La città non dorme ancora, tra chi mangia ad un tavolino in una calda sera di fine primavera, chi cammina raccontando di ieri, oggi e domani,
chi guarda seduto il mare su una panchina, senza null’altro di necessario e poi lui, nella sua piccola barca di legno. Un pescatore in città, resiste a un mondo che non gli appartiene e con calma e pazienza libera i pesci argentei infilati nella sua rete. Riuscirà a cenare, c’è pesce a sufficienza per sé e per la famiglia. Magari un ciambotto. Gli occhi stretti di chi è abituato a guardare il mare in lontananza per scorgere orizzonti diversi da quello visibile. Li stringe anche per quel piccolo pesce argenteo. Fessure.
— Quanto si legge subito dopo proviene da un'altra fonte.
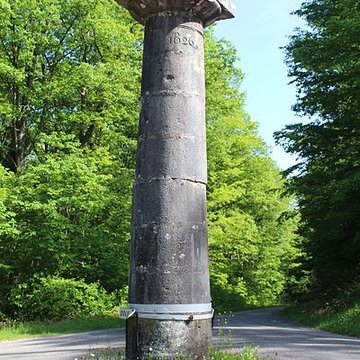 Bornes-colonnes de la forêt de Chaux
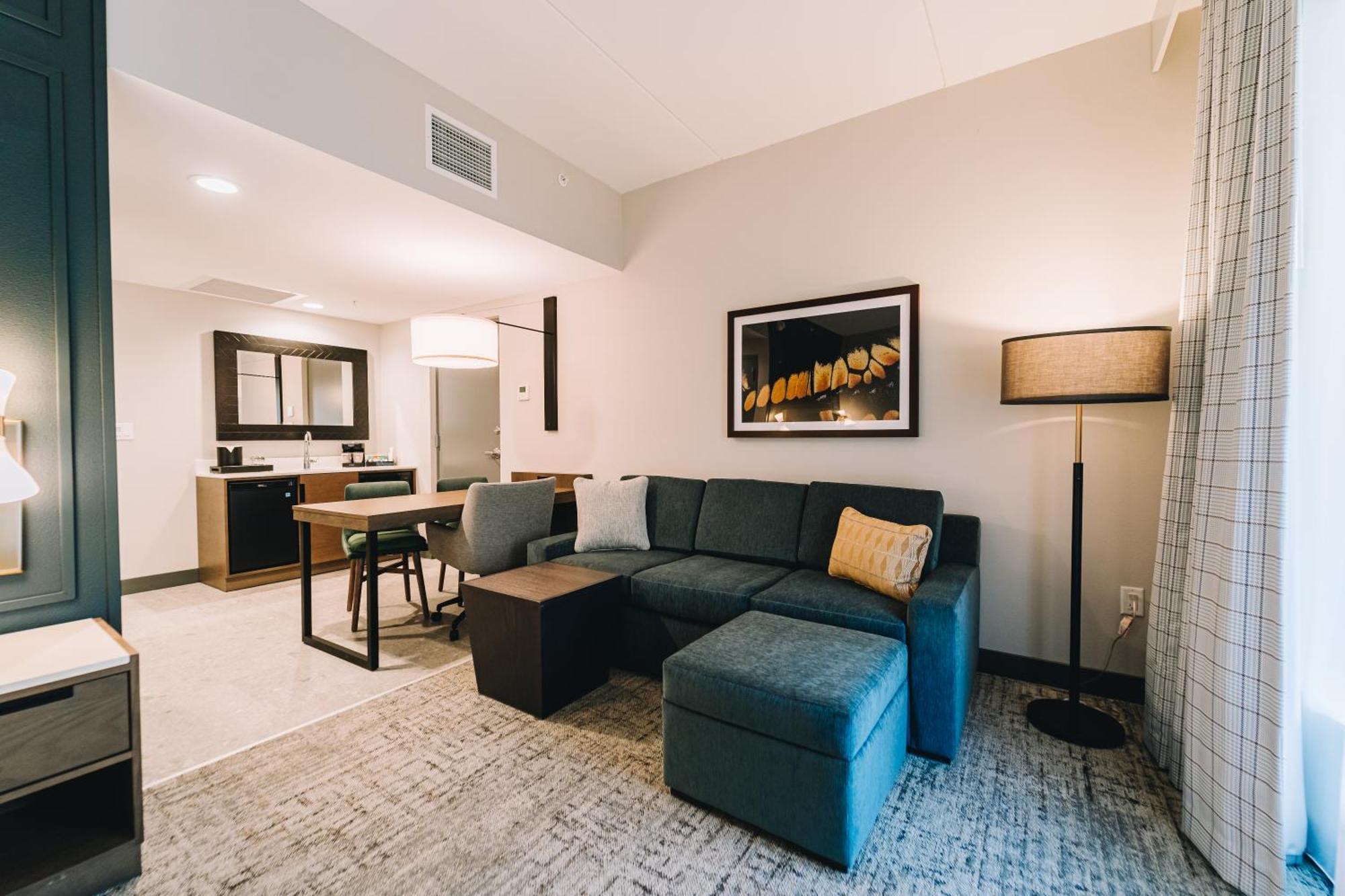 Hotel Embassy By Hilton 4*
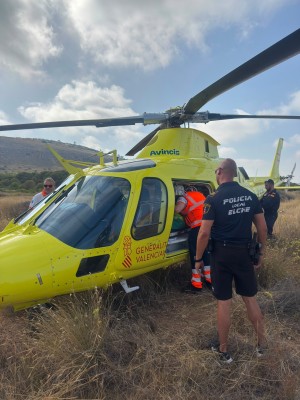 Un parapentista evacuado en helicóptero al hospital tras sufrir una caída en El Carabassí de Elche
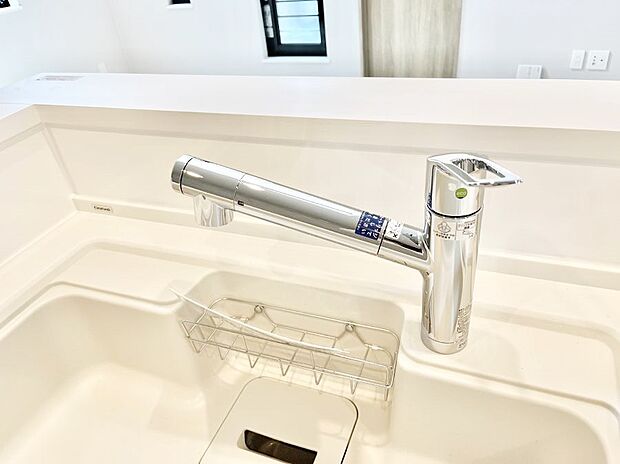 【その他設備(蛇口一体型浄水器)】いつでも清潔なおいしいお水を。一つの水栓で水道水と浄水を使い分け。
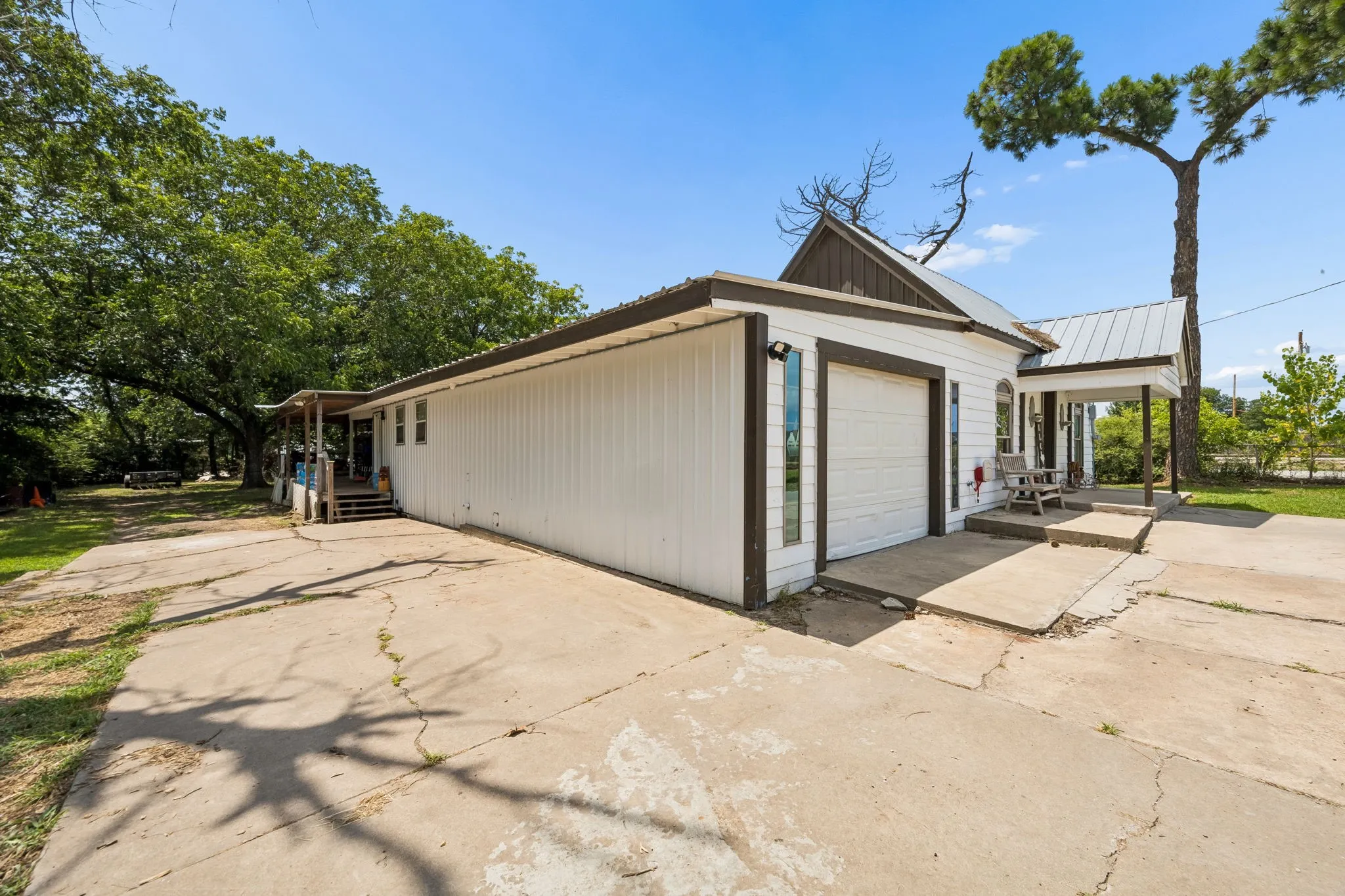 Single Family Residence For Sale in Hunt County , 4294 Fm 36 S, Caddo Mills, Texas 75135, 3 Bedroom, 3 Bathroom, 1 Garage spaces, 1,773 Sqft, built in 1955, mls#21325389, Real Estate Agent in Caddo Mills, Homes For Sale in Hunt county, Homes For Sale in Caddo Mills, Realtor in Caddo Mills Texas, Real Estate Brokerage Independent Realty Texas, Luminita Cordes Realtor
Le auto corrono veloci, i grandi palazzi della politica sono a pochi passi, ma lui resta lì nel suo mare, fatto di giorni che si alternano senza foga, ingordigia o indifferenza.
Il suo gozzo di legno ha resistito al mare in burrasca, resiste ai venti e alla salsedine che si porta via l’azzurro delle travi, ma la bellezza eterna di questa piccola lanze è intatta, a stridere sono le barche a vela e i motoscafi sullo sfondo che sfoggiano il loro sorriso smagliante senza tempo, profondità, verità. Si fa cullare dal mare tra il teatro che è nato sull’acqua e il molo N’ dèrr’a la lanze, dove i pescatori gettavano il pesce pescato per mostrarlo ai possibili compratori. Chi non ha storia non chiama le cose con il loro nome. Lucida le superfici cercando di togliere attriti, ruvidezza, tutto deve scorrere via, senza indugio.
La solidarietà sociale è un dovere, è scritto. Lo sa anche quel pescatore. Né poco, né troppo. Il giusto. Girando lo sguardo altrove non è così, ma lì in quell’angolo di mare c’è ancora speranza.